South Norfolk MP Richard Bacon has called for a halt to the troubled national programme to overhaul NHS computer systems, as the Observer newspaper revealed a confidential document showing that the multi-billion pound project – the personal initiative of Prime Minister Tony Blair – is in crisis.

The document was apparently written by one of the scheme’s most senior executives. It suggests that the programme, the world’s largest civilian IT project, faces such grave problems that hospitals would be better off having never tried to implement it.


The story comes at the end of a week when IT systems at 80 hospitals and NHS trusts across the West Midlands and the North West were struggling to recover from the worst computer crash in the history of the health service.

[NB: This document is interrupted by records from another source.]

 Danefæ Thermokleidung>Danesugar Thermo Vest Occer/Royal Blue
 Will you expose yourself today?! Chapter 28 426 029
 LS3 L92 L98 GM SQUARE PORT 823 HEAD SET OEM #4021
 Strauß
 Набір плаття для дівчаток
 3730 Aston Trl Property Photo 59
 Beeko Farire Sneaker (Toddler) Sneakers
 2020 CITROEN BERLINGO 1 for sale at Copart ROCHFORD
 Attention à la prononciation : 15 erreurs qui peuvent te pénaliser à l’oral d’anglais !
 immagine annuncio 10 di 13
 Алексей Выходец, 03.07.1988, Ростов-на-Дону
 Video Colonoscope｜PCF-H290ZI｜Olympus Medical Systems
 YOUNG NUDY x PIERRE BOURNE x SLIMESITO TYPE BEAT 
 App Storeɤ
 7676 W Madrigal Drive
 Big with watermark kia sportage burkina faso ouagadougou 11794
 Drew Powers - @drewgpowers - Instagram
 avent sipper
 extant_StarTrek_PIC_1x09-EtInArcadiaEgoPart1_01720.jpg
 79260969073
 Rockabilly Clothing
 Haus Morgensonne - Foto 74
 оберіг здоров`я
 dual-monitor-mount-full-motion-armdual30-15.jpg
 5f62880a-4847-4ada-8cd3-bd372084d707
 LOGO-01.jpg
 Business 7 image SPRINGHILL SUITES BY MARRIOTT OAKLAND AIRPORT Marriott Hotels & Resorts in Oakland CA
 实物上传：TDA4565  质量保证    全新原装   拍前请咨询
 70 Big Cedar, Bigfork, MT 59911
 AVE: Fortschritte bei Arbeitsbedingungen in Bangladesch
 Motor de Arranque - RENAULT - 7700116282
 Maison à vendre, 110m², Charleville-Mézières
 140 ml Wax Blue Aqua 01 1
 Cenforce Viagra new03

Richard Bacon MP, the member of the House of Commons Public Accounts Committee to whom the document was first sent, commented:

“The last few months have seen a succession of disasters for the NHS national programme for IT: The North West and West Midlands have seen the worst computer crash in NHS history; the London region has seen its major software supplier sacked and the Health Protection Agency warning of a serious risk to the health of children because IT failures have made a mess of vital vaccination programmes; the Nuffield Orthopaedic Hospital failed all waiting list targets as a direct result of the Connecting for Health deployment; and new systems in North West and West Midlands hospitals have repeatedly lost or mislaid patient records.  The list of failures and delays grows ever longer. Two and a half years in, the programme is two years late”.

“Now it seems that some of the most senior officials in the NHS know perfectly well that the National Programme will never work properly – indeed that many hospitals would now be better off if they had never taken part in the scheme in the first place”.

“The National Programme has already cost well over a billion pounds and the final tally if it continues could rise to over £15 billion. Much of this money will be wasted. Worse still, the health of patients could be put at risk. This scheme was the personal brainchild of the Prime Minister and he must now act at once to bring this failed experiment to a speedy end”.